Ich sitze in einem Café in Colombo und unter meinem Tisch ist gerade eine Ratte langgelaufen. Das Mädchen gegenüber schaut zu mir, sie hat die Ratte also auch gesehen. Sie hat dunkle Augen und noch dunkleres Haar. Ich blicke einen Moment zu spät nach hinten und kann nur noch einen langen Schwanz um die Ecke verschwinden sehen. Das war also kein so niedliches Exemplar wie unsere ehemalige Bordratte Rudolf… Jedes Land hat seine Eigenheiten, ob gut oder schlecht liegt wohl im Auge des Betrachters.


Bleiben wir noch eine Weile in diesem Café. Oder meinetwegen auch in einem anderen Café in Galle.
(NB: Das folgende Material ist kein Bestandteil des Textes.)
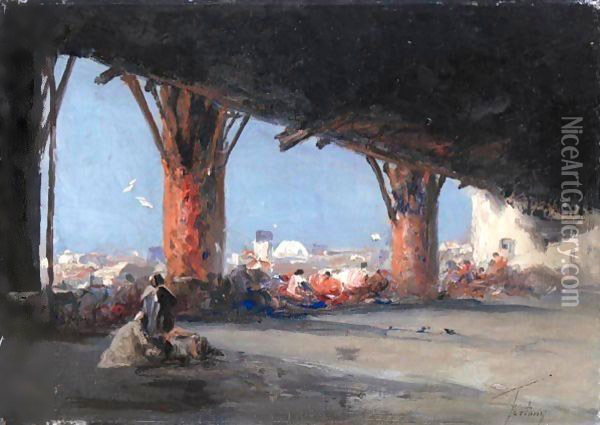 Portico Arabe (Arabian Scene) Oil Painting - Mariano Jose Maria Bernardo Fortuny y Carbo
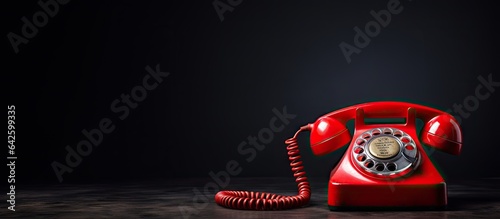 Customer support or important calls represented by a red telephone receiver on a gray background photo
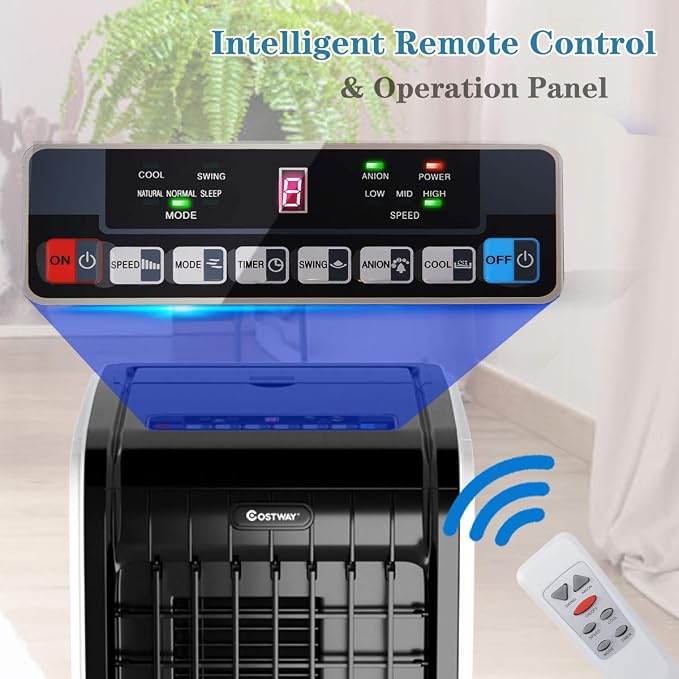 Evaporative Cooler, Include Remote Control, 2 Ice Packs, Portable Bladeless Fan with 3 Modes, 3 Speeds, 8H Timer, LED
Morgens und abends zieht es uns in diese stets rustikalen, für den Europäer nur im Grade des anscheinenden Verfalls unterscheidbaren Etablissements mit ihrem immer gleichen Angebot an Speisen: Roti mit Gemüse, Roti mit Ei, Roti mit Hühnchen und Roti ohne alles. Diese handlichen Teigrollen oder –ecken ähneln dem deutschen Eierkuchen, sind nur ohne Eier zubereitet. Vor Benni und mir steht dann also ein Tablett mit circa zehn Roti aus den oben genannten Kategorien. Daneben ein Glas Wasser, daneben eine Cola, weil wir das Wasser nicht trinken, daneben Chili- und Currysaucen und schließlich ein Serviettenhalter mit Zeitungspapier. Das macht 2 Seemänner satt und bei einem Preis von 1,50 Euro pro Person auch glücklich!

Sicherheitsbeamte am Hafeneingang

Vollgestopft machen wir uns auf unserem Roller auf den Nachhauseweg. Das Spirituosengeschäft hat nach neun Uhr leider nicht mehr geöffnet, also gibt es heute kein Bier auf dem Vorschiff. Am Eingang zum Hafen wartet dann schon wieder eine Armada aus Sicherheitsbeamten auf uns. Den ganzen Tag stehen sich dort fünf bis sieben Personen in Schichten professionell die Beine in den Bauch. Klar wird einem da langweilig und man fängt an die Segler zu gängeln. „Was hast Du da im Rucksack?“ – „Nichts.“ – „Kein Bier? Zigaretten?“ – „Nein, wir haben heute nur ein Seil für unser Boot gekauft.“ – „Hast du dafür eine Erlaubnis?“ – „Nein, brauch ich die etwa? Ist schließlich ein Seil und kein Sprengstoff…“ – „Ja, geh zu deinem Agenten und hol’ dir eine Erlaubnis. Oder hast du Whiskey?“ – „Nein… ich geh dann mal zu meinem Agenten, ja?!“ Fünf gestempelte Seiten und eine halbe Stunde später, dürfen wir dann die Schranke passieren. Allerdings ohne Roller. Der muss draußen bleiben, schließlich haben wir keine Erlaubnis dafür. Wir gehen noch eine viertel Stunde durch das verlassene Hafengelände, bis wir schließlich unsere Heimatbasis erreichen und müde in die Kojen fallen.

Fliegender Juwelier

Am nächsten Morgen werden wir unsanft von Geschrei auf dem Steg geweckt. Da steht ein hagerer alter Mann im weißen Kleid und wedelt mit einer Plastiktüte. Obwohl er so viele bunte Stempel in seinem Heft hat, die beweisen, dass er staatlich anerkannter Goldschmied ist, können wir uns für 75 Euro trotzdem keine Goldringe mit riesigen Klunkern leisten. Versuch das mal einem armen Mann beizubringen, wenn hinter dir deine Segelyacht steht…

Wir flüchten zum Frühstück, nicht ohne vorher am Hafenausgang wieder von den Sicherheitsbeamten gegängelt zu werden und bestellen das Übliche. Morgens steht da anstatt einer Cola dann Kaffee. Und spätestens jetzt sind alle Anstrengungen wieder vergessen: Morgens bei einem guten Schluck Kaffee mit den Augen auf der Brandung am Strand einfach die Seele baum… pfui Teufel! Och nö, ich hab vergessen „Ohne Milch und Zucker!“ zu sagen…

2 Gedanken zu „101 Roti in 14 Tagen – Sri Lanka“

  1. Wie liebe ich solche Beschreibungen von Beobachtungen! Klingt alles nicht so tourimäßig, aber das weckt Neugier auf euer Buch! Aber leichtes Leben ist etwas anderes, Jungs, gebt gut auf euch Acht!